## Required work
Your output is to hold only the lines from the one showing "Niño de 11 años" through the end of the listing, exactly, with every picture excluded.
Data below START
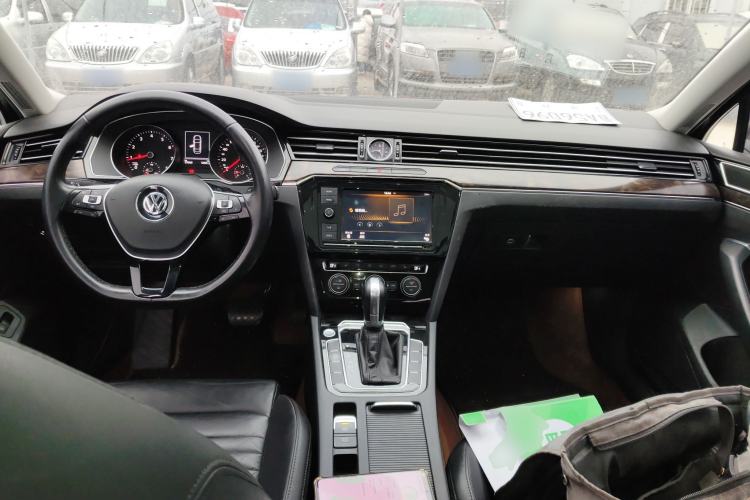 Used Volkswagen Magotan 2019 380TSI DSG Luxury Model China V Standard Center Console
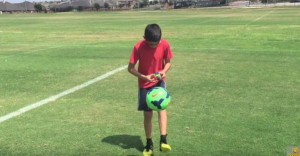 Niño de 11 años sorprendió armando un cubo Rubik y dominando un balón a la vez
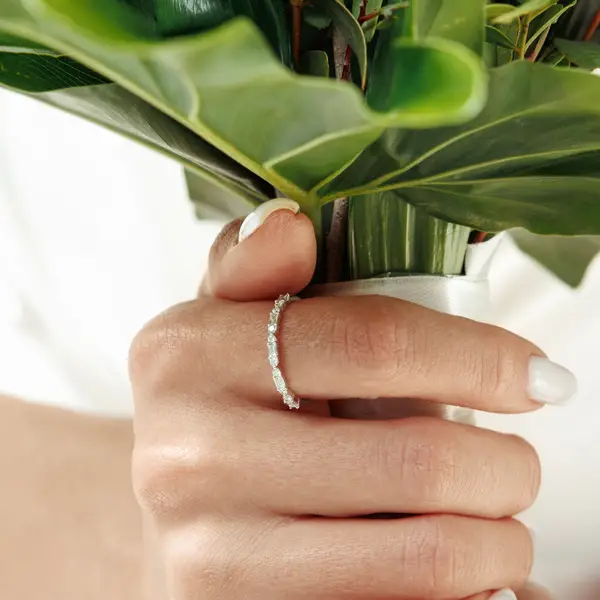 Leaf Jewelry Ring mit Baguette Diamanten, 14K Gelbgold Kostenlose Rückgabe
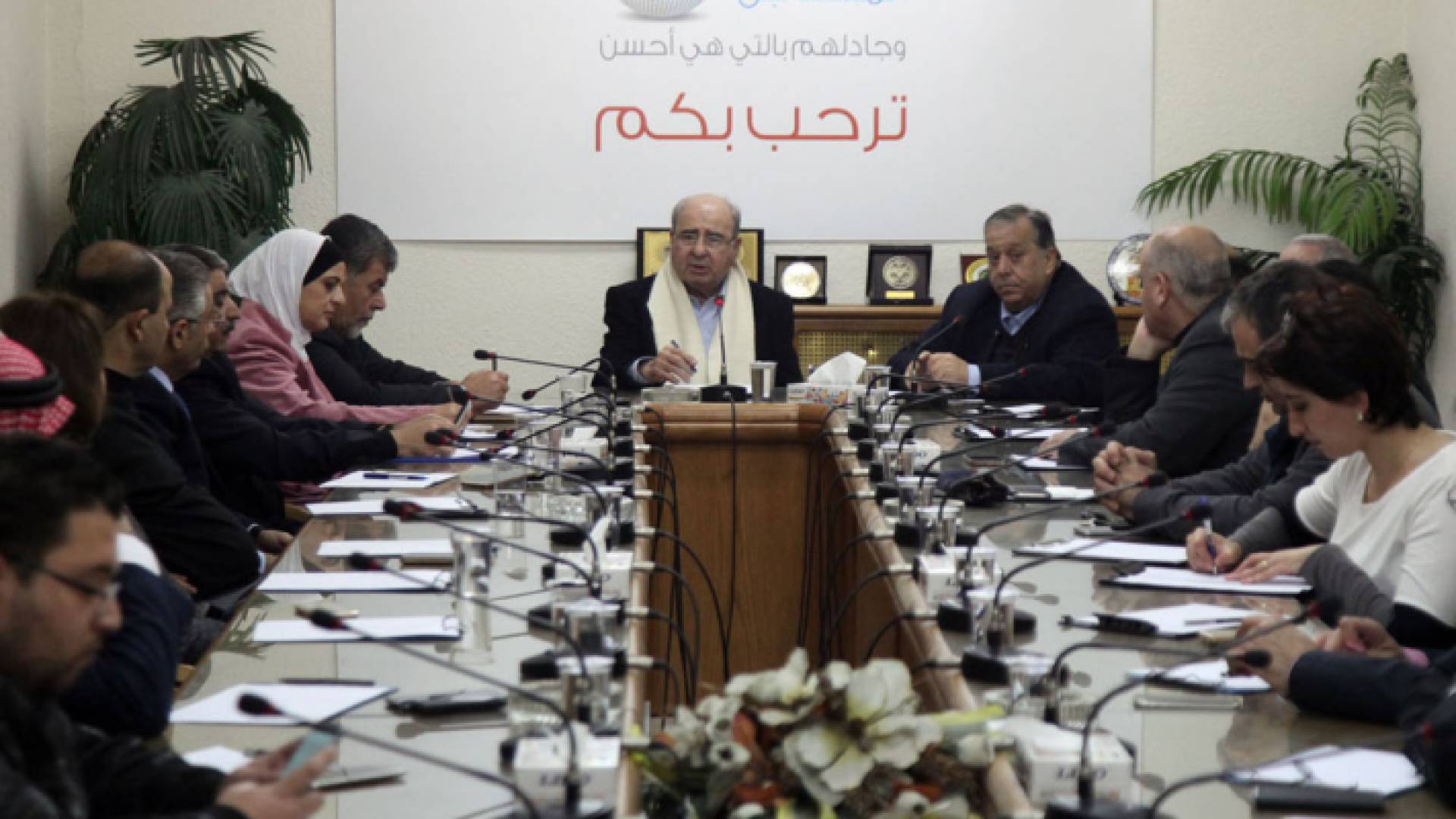 المصري دعا لموقف عربي مساند للاردن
Data below END
## Solution to this problem
 Niño de 11 años sorprendió armando un cubo Rubik y dominando un balón a la vez
 Leaf Jewelry Ring mit Baguette Diamanten, 14K Gelbgold Kostenlose Rückgabe
 المصري دعا لموقف عربي مساند للاردن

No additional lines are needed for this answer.